_Records to use_:
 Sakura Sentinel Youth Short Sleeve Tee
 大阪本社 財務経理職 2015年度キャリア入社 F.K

==

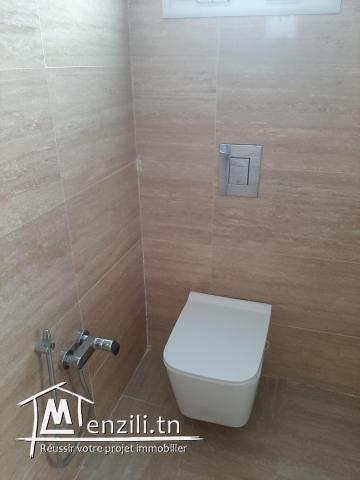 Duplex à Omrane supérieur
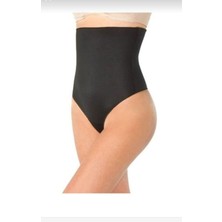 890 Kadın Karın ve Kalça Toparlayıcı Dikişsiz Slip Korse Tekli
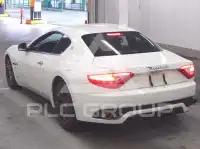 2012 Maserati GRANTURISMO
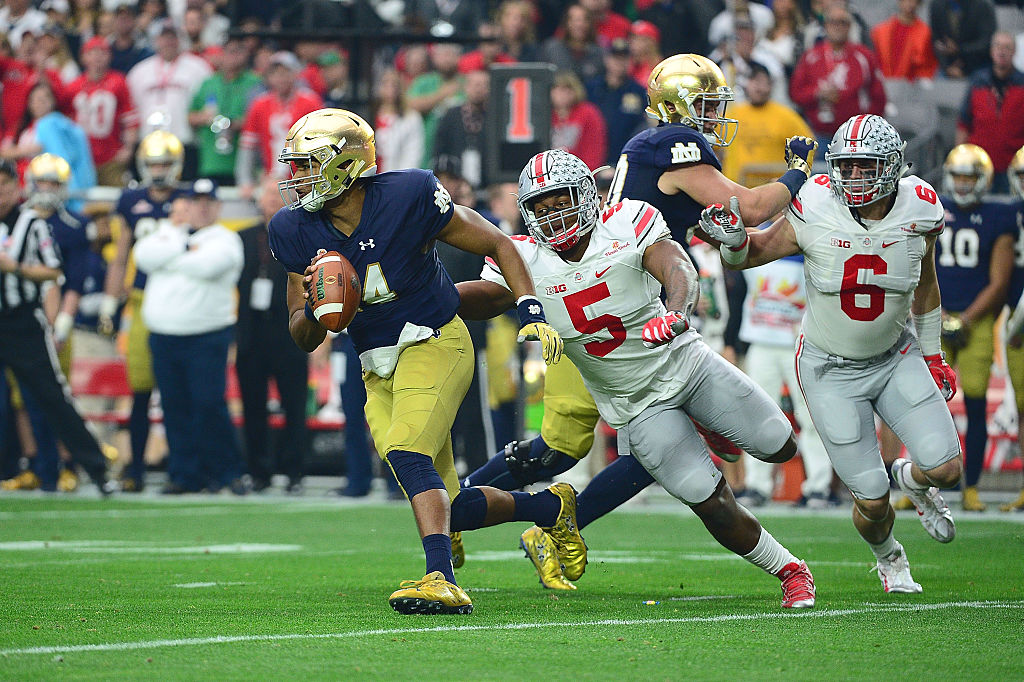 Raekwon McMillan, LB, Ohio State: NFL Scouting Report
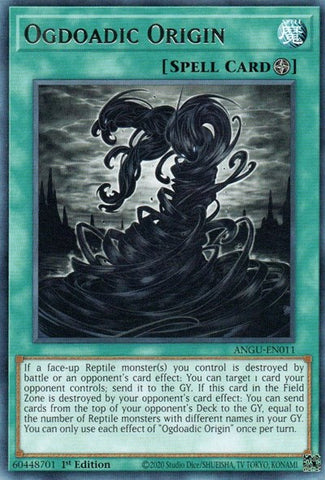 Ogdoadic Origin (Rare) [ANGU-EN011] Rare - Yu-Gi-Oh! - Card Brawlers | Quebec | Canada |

_What is needed_: Could you retype exactly the lines above, starting at the line that contains "Sakura Sentinel Youth Short Sleeve Tee" and ending at the line that contains "大阪本社 財務経理職 2015年度キャリア入社 F.K", and nothing more?

_Worked solution_:
 Sakura Sentinel Youth Short Sleeve Tee
 大阪本社 財務経理職 2015年度キャリア入社 F.K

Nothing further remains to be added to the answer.